Stack-2-9-finetuned / docs /pattern-moat.md
walidsobhie-code
docs: Add official launch plan
d083607

Pattern Memory Evolution

The Pattern Memory Moat is a system for capturing, storing, and sharing code patterns across teams. It transforms individual learning into collective intelligence.

Table of Contents

  1. Auto-Extraction
  2. Team Sync
  3. Weight Fusion
  4. API Reference

Auto-Extraction

Extract patterns automatically from your Git history. The system analyzes commit messages, identifies bug fixes and features, and stores the before/after code changes.

How It Works

The extract_patterns_from_git.py script:

  1. Scans Git History: Reads through commit messages and diffs
  2. Identifies Patterns: Uses keywords to classify commits as bug fixes or features
  3. Extracts Context: Captures before/after code with metadata
  4. Stores in JSONL: Outputs structured data suitable for training

Usage

# Extract patterns from all commits
python scripts/extract_patterns_from_git.py \
    --repo-path /path/to/repo \
    --output patterns.jsonl

# Only recent commits
python scripts/extract_patterns_from_git.py \
    --repo-path /path/to/repo \
    --output patterns.jsonl \
    --since-date "2024-01-01"

Output Format

Each line in the JSONL output:

{
  "pattern_id": "a1b2c3d4e5f6g7h8",
  "problem_type": "bug_fix",
  "before_code": "def buggy_function():\n    return None + 1",
  "after_code": "def fixed_function():\n    return 1",
  "commit_msg": "fix: handle None case in function",
  "author": "developer@example.com",
  "date": "2024-03-15 10:30:00",
  "confidence": 0.85
}

Problem Types

  • bug_fix: Commits that resolve issues (keywords: fix, bug, hotfix, patch, resolve)
  • feature_addition: Commits that add new functionality (keywords: feat, add, implement, enhance)
  • unknown: Other commits (typically skipped)

Confidence Scoring

The confidence score (0.0-1.0) reflects pattern quality:

  • Base: 0.5
  • +0.2 for clear bug fix keywords
  • +0.15 for clear feature keywords
  • +0.15 for having both before and after code
  • +0.1 for substantial changes (>100 chars)
  • +0.1 for large changes (>500 chars)

Team Sync

Share and sync patterns across your team using a shared PostgreSQL database.

PostgreSQL Schema

CREATE TABLE patterns (
    id UUID PRIMARY KEY DEFAULT gen_random_uuid(),
    problem_type VARCHAR(50) NOT NULL,
    solution_hash VARCHAR(64) NOT NULL,
    code_before TEXT NOT NULL,
    code_after TEXT NOT NULL,
    success_count INTEGER DEFAULT 0,
    last_used TIMESTAMP,
    created_by VARCHAR(255) NOT NULL,
    created_at TIMESTAMP DEFAULT CURRENT_TIMESTAMP,
    
    -- Indexes
    CONSTRAINT unique_solution UNIQUE (solution_hash),
    INDEX idx_problem_type (problem_type),
    INDEX idx_success_count (success_count DESC)
);

CREATE TABLE pattern_feedback (
    id UUID PRIMARY KEY DEFAULT gen_random_uuid(),
    pattern_id UUID REFERENCES patterns(id),
    user_id VARCHAR(255) NOT NULL,
    helpful BOOLEAN NOT NULL,
    created_at TIMESTAMP DEFAULT CURRENT_TIMESTAMP
);

CREATE TABLE adapter_versions (
    id UUID PRIMARY KEY DEFAULT gen_random_uuid(),
    version_name VARCHAR(100) NOT NULL,
    adapter_path VARCHAR(500) NOT NULL,
    created_by VARCHAR(255) NOT NULL,
    created_at TIMESTAMP DEFAULT CURRENT_TIMESTAMP,
    is_active BOOLEAN DEFAULT FALSE
);

FastAPI Endpoints

GET /patterns

List patterns with filtering and pagination.

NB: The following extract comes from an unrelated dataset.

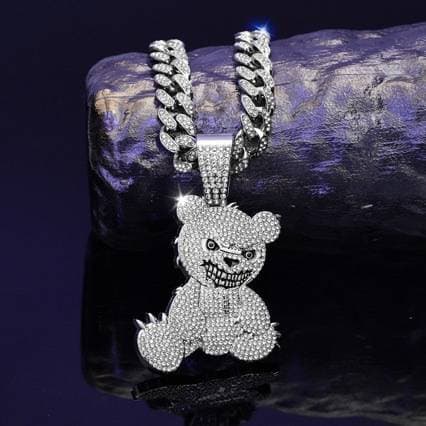 Ensemble de bijoux hip-hop pour hommes, collier pendentif ours en diamant, bracelet chaîne cubaine, ensemble de trois pièces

curl -H "X-API-Key: your-api-key" \
     "http://localhost:8000/patterns?problem_type=bug_fix&limit=20"

Response:

{
  "patterns": [...],
  "total": 150,
  "page": 1,
  "per_page": 20
}

POST /patterns

Add a new pattern.

curl -X POST -H "X-API-Key: your-api-key" \
     -H "Content-Type: application/json" \
     -d '{"problem_type": "bug_fix", "code_before": "...", "code_after": "..."}' \
     "http://localhost:8000/patterns"

POST /patterns/{id}/feedback

Submit feedback on a pattern.

curl -X POST -H "X-API-Key: your-api-key" \
     -H "Content-Type: application/json" \
     -d '{"helpful": true}' \
     "http://localhost:8000/patterns/123e4567-e89b-12d3-a456-426614174000/feedback"

Authentication

API key authentication via X-API-Key header:

# Server-side middleware
async def verify_api_key(request: Request, call_next):
    api_key = request.headers.get("X-API-Key")
    if not api_key or api_key != settings.API_KEY:
        raise HTTPException(status_code=401, detail="Invalid API key")
    return await call_next(request)

Conflict Resolution

When multiple team members contribute similar patterns:

  1. Pattern Similarity Detection: Hash-based deduplication
  2. Merge Strategy: Patterns with similar solution_hash are merged
  3. Success Rate Tracking: success_count increases with positive feedback
  4. Priority: Patterns with higher success_count rank higher in queries

Weight Fusion

Combine LoRA adapters from multiple users using weighted averaging based on success rates.

Algorithm

merged_weight = Σ(adapter_i.weight * adapter_i.success_rate) / Σ(success_rate)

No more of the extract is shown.